Don’t minimize a misdemeanor
When you face a criminal charge in Georgia, you may be relieved to hear that it’s a misdemeanor charge instead of a felony. However, you shouldn’t relax too much when you find out that your charge is a misdemeanor. A misdemeanor conviction can affect you for the rest of your life.
What’s a misdemeanor in Georgia?
In Georgia, a misdemeanor can bring up to one year in jail and a $1,000 fine. You can also receive a term of probation instead of jail. Absent an unusual circumstance, it stays on your criminal record forever.
Why take a misdemeanor seriously?
Certainly the thought of a year’s incarceration should be enough to get anyone’s attention. Any jail time can wreak havoc on your personal life. It can cause you to lose your job, fail to make payments on time and even lose custody of your children. If you have a professional license, you may lose it even for misdemeanor charges.

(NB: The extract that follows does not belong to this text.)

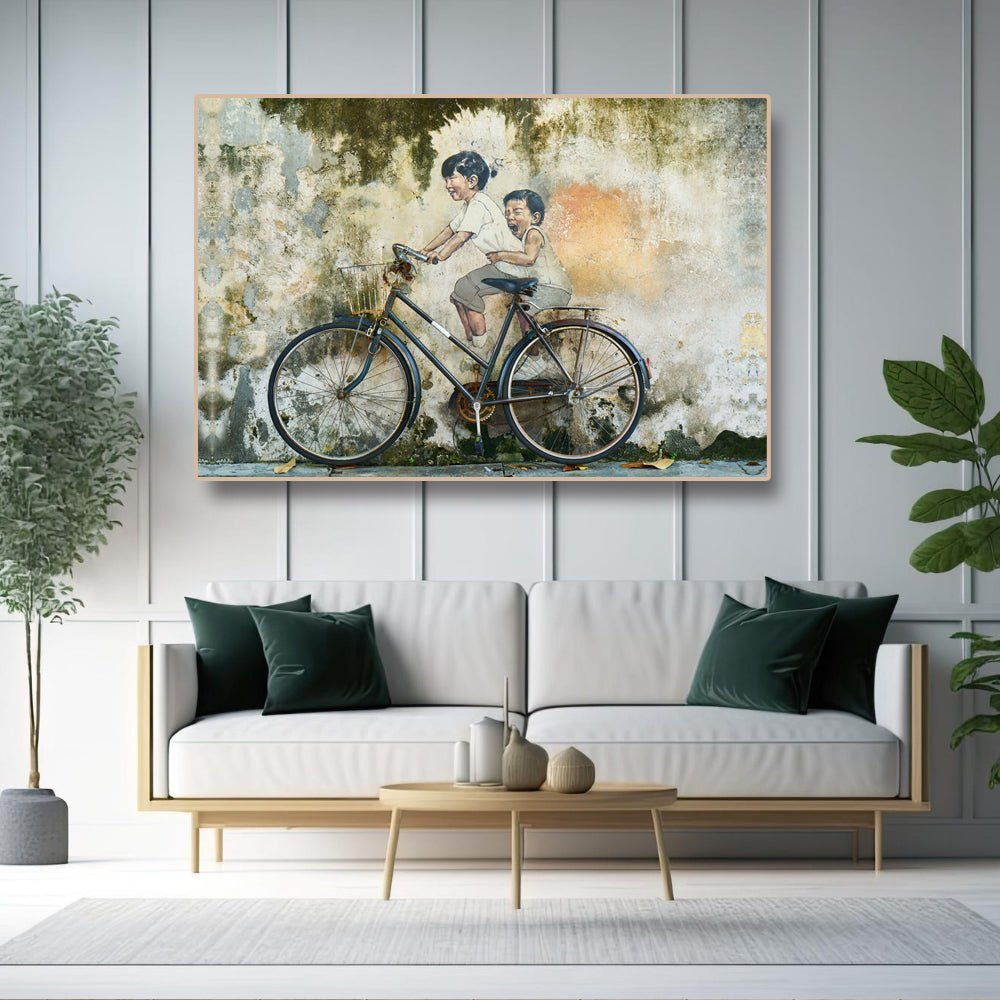 Cycling through Childhood Canvas Wall Art (36 x 24 Inches)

In some cases, the court allows an offender to serve their time in jail when they’re not at work. A court may also release an offender to go to work. However, this special consideration is available for only relatively short sentences and only if you ask. The judge has the option to grant special dispensation for work, so it’s important to take the matter seriously to explain to the judge why you deserve this treatment.

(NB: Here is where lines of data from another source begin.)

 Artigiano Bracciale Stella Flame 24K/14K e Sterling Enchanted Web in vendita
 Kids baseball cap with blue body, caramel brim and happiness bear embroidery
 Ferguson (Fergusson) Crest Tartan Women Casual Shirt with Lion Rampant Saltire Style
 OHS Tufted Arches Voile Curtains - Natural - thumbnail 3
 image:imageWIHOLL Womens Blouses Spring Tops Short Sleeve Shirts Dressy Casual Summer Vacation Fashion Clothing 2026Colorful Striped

Even though a crime may be classified as a misdemeanor, it can still bring serious driver’s license sanctions. As part of a sentence for any traffic-related misdemeanor, the judge can refer the driver to the Department of Driver Services for reexamination. The Department can reconsider whether the person is fit to have an operator’s license in the State of Georgia. A judge can also order a driver to attend a driver improvement course.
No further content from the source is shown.